Published: 23/01/2023

Professionally registered engineers and technicians are among those best placed to encourage a new generation of people into engineering. They are inspiring students and young people at all levels – by teaching and assessing in schools and colleges, through to university research and supervision. Many more are encouraging young people to consider careers in engineering by volunteering as Science, Technology, Engineering and Maths (STEM) Ambassadors, or giving back to the profession as professional registration mentors for their professional engineering institution (PEI). This is work often done in their own time and registrants tell us they find it a very rewarding experience.

Promoting engineering to a young audience, in both English and Welsh, is Charlotte Huntley EngTech TMIET, a Junior Electrical, Instrumentation, Control and Automation (EICA) Engineer working on water and wastewater projects, who says: "In addition to my role, I am also a STEM Ambassador. I try to participate in STEM-related activities to encourage children to consider STEM subjects from an early age. As part of this, I regularly volunteer as a bilingual mentor to support disadvantaged young people who are interested in engineering or apprenticeships."

Many registrants have expressed their desire to help more people from under-represented groups to see that engineering could be a possibility for them. Tia (Harminder) K Nagi BSc EngTech MCIHT says: "I would like to get further involved in such activities to encourage young girls to become interested in engineering at an early stage to break through the myths of engineering being male orientated." Caitlin Stuart BEng IEng ACIBSE is an ambassador for the Women into Science and Engineering (WISE) campaign and has “… attended a number of careers events, participated in apprenticeship conferences, been to the House of Commons and the BBC to promote apprenticeships and showcase my experience as an apprentice engineer”. Some registrants have even set up their own organisations, specifically to encourage young people to consider careers in engineering. Frida Nzaba EngTech TMIET says that she "…would love to inspire young children/students in Africa to realise their potential in the STEM world using the social enterprise I founded, called Edu-Cater Global".
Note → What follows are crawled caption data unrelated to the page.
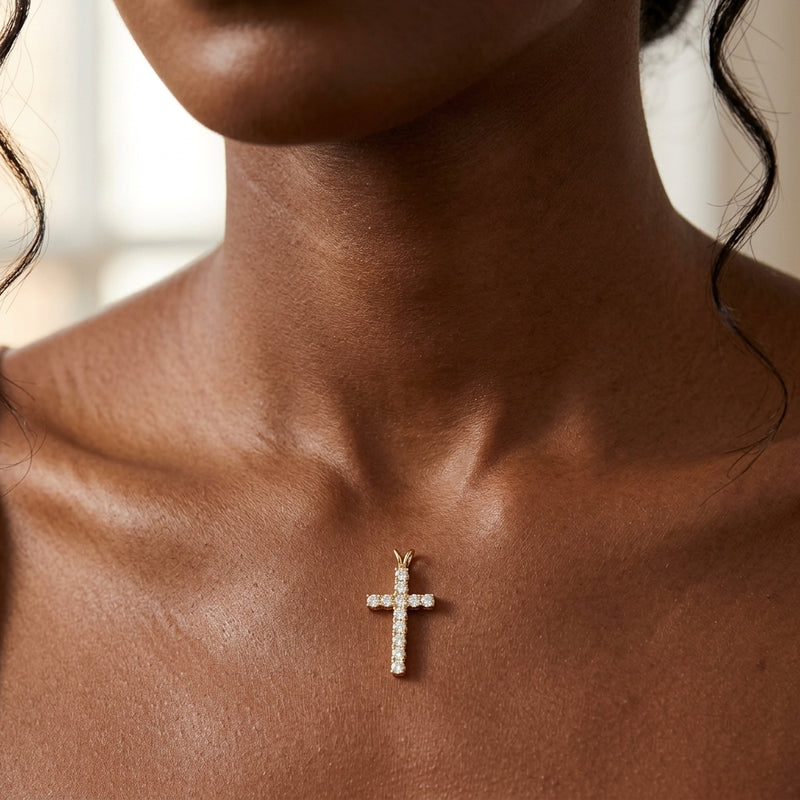 Worn: Accented Cross Pendant · 4.25 ct — AI-rendered styling image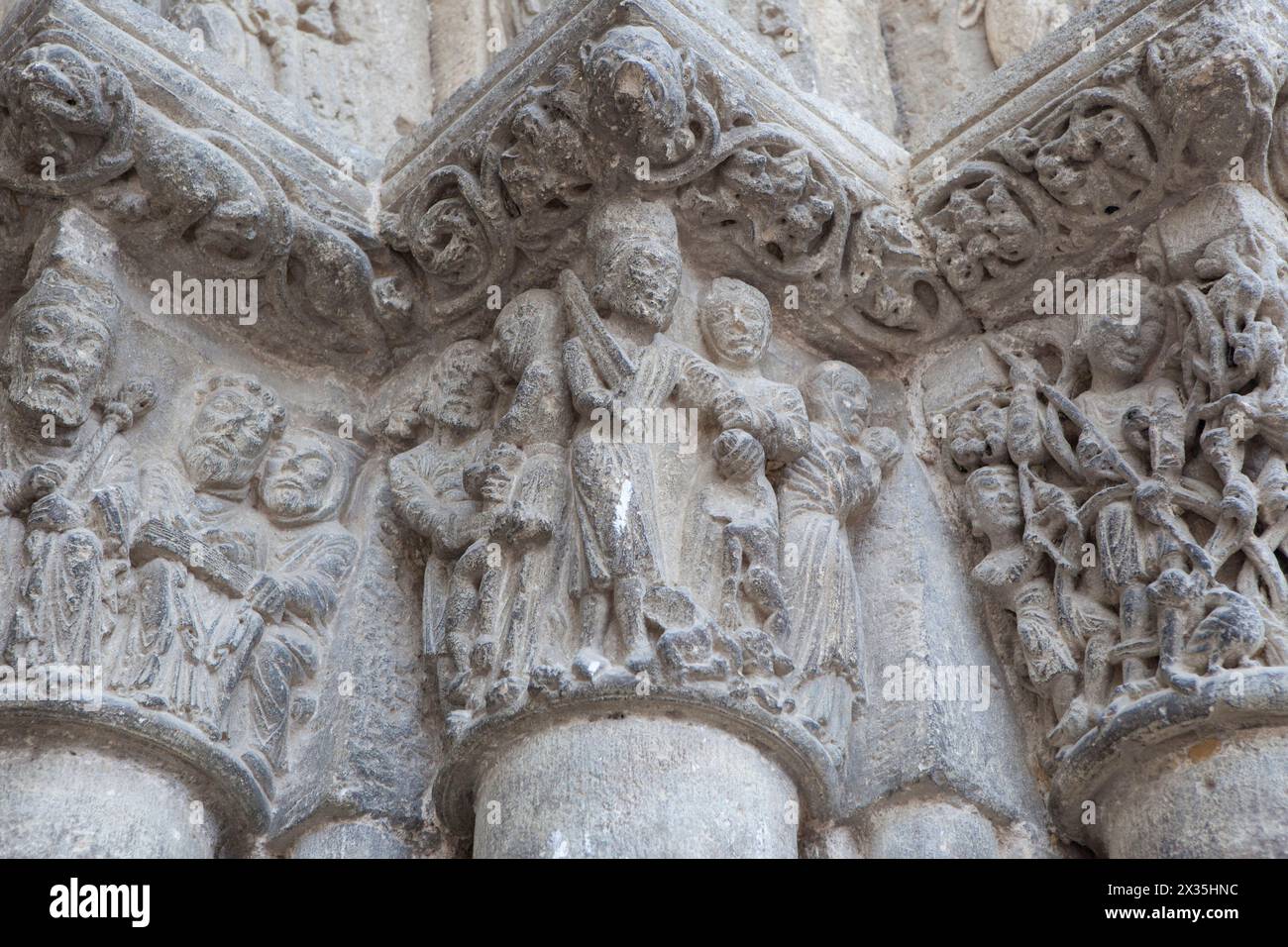 Church of San Miguel portal. Estella-Lizarra town, Navarre, Northern Spain. Slaughter of the innocents Stock Photo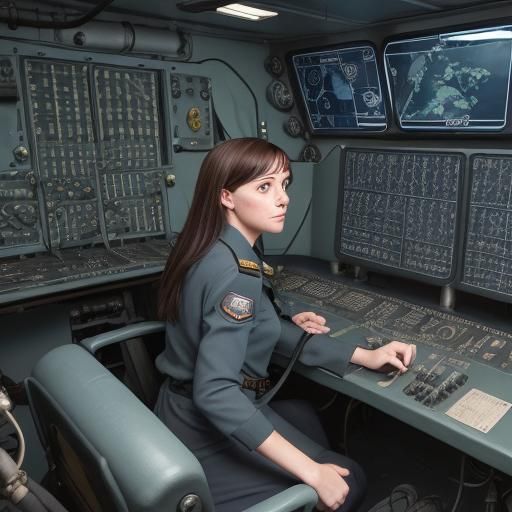 Naval Officer with Periscope in Submarine Control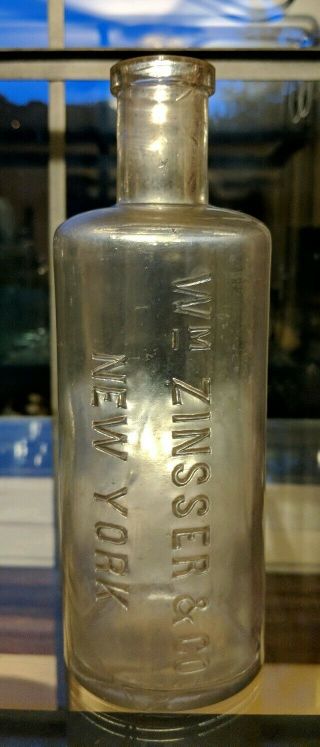 Clear Antique Embossed William Zinsser & Company Bottle York Ny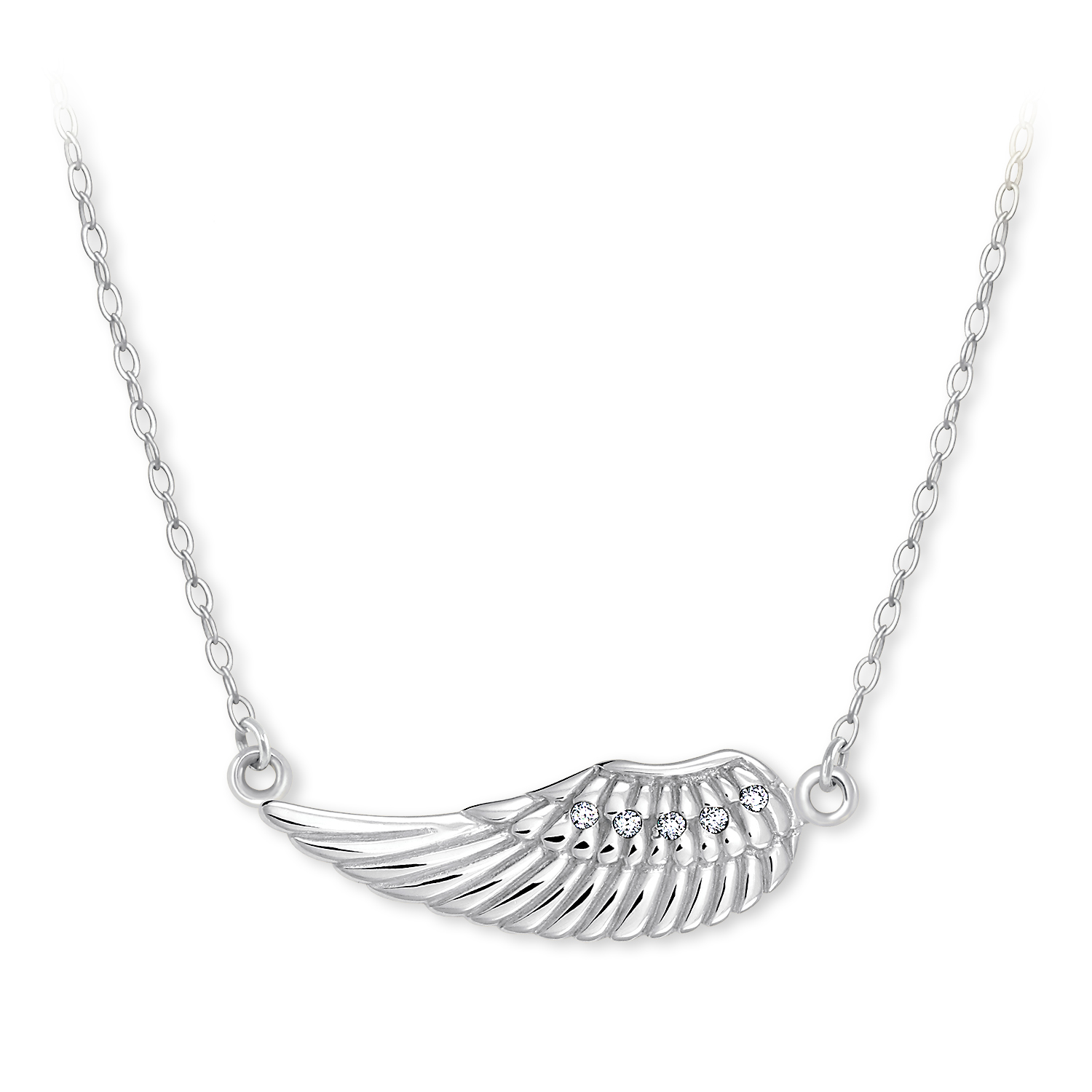Levně Brilio Silver Stříbrný náhrdelník s křídlem naležato 476 001 00116 04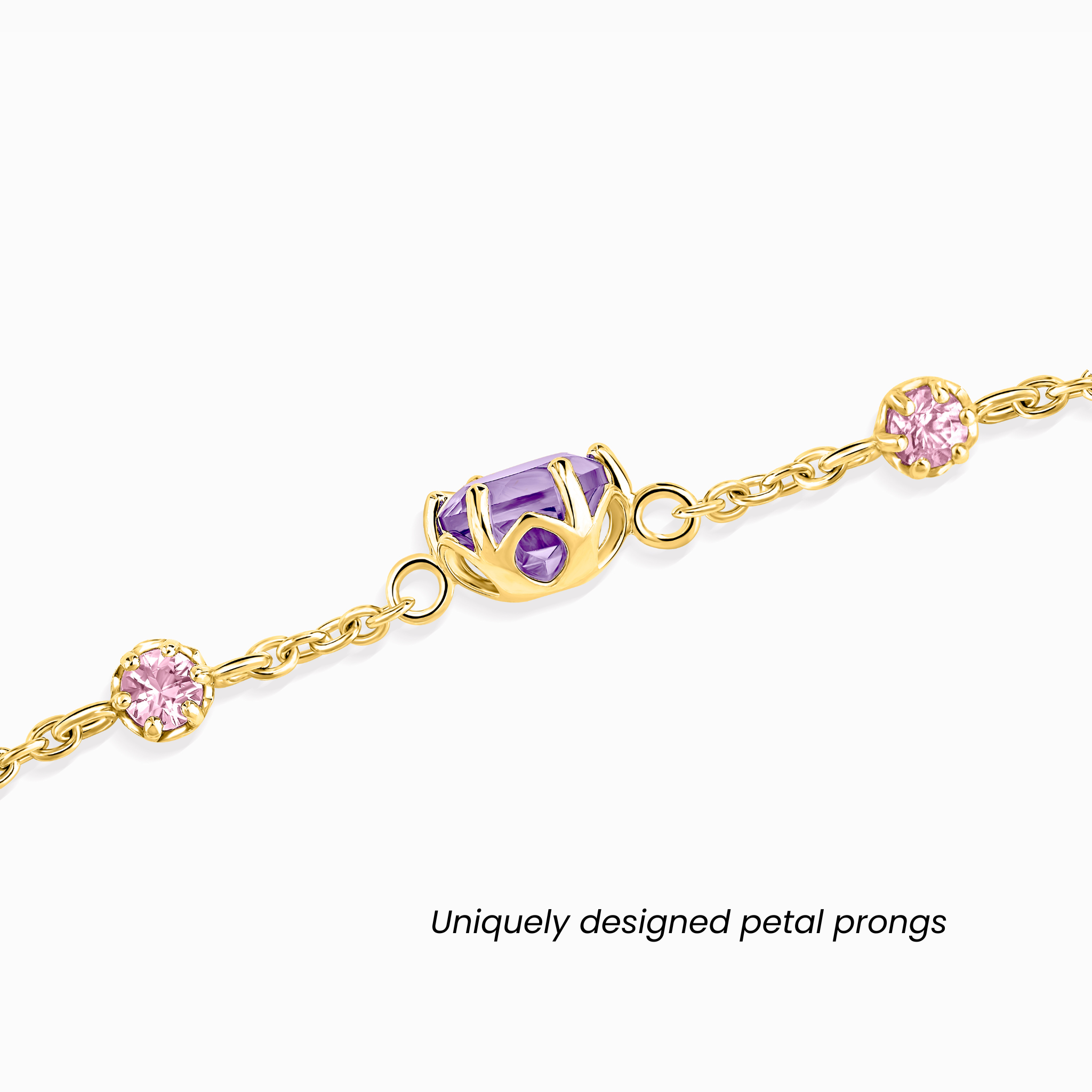 Parure de bijoux Saphir Rose & Améthyste en Vermeil 18 carats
In further education, Lucy Mawer EngTech MCIPHE RP QTLS has a busy career focused on equipping young people with a skill that’s always in demand: "I am the head of the Plumbing Department in a sixth form college, teaching different levels of plumbing to full-time students and apprentices. In a day I could be lecturing theory, running practical skills workshops, assessing and verifying students’ work. During the week I will also visit the plumbing apprentices on-site to support them in gaining evidence to complete their on-site portfolios.” A Master Plumber and first female President of the Chartered Institute of Plumbing and Heating (CIPHE), Tracey Richardson EngTech LCGI MCIPHE RP finds the most enjoyable aspect of her job as an assessor and tutor is “when a learner thanks you for your help when they have completed their qualification. And of course seeing the looks on the faces of the winners of the Skills competitions as well.”

Having started his career as an apprentice himself, Euan MacLean IEng MIMechE understands well the benefits that this type of study can bring and encourages others to go for it too: "I am an active STEM ambassador within [my workplace] Altrad Babcock, and have supported local primary and high school events such as career fairs, stalls at parents evenings and educational events. Also, I work with prospective apprenticeship applicants to help them prepare for interviews and assessment centres, and support them as a non-managerial point of contact throughout their time as an apprentice."

University teaching is also a way to help open doors and share the experience of practising engineers. Mamta Singhal MBE BEng (Hons) MSc MBA CEng MIET FWES says she has “…undertaken a Visiting Professorship at Middlesex University... to showcase female engineers from diverse backgrounds who broke down barriers. Giving back to a university is amazing and seeing the students becoming confident in their field of work is fabulous. I share my engineering story with them, from events during my seven years at university right up to events in industry, sharing the good, the bad and the ugly, ensuring that they can learn from my mistakes, challenges and successes."

Professionally registered engineers are engaged in research, as well as teaching and supporting students, at universities. Tariq Umar PhD CEng IntPE (UK) MICE says that: “Teaching is one of the most enjoyable areas of my job. It gives me real satisfaction when I see the progress of my students and that satisfaction further increases when my students finally graduate and are awarded with their degrees. In a similar way, the ultimate satisfaction from successfully leading the research team on a specific project comes when the project is accomplished. I feel proud when I see my research papers published in renowned journals, particularly when my name is on the top of the authors list.”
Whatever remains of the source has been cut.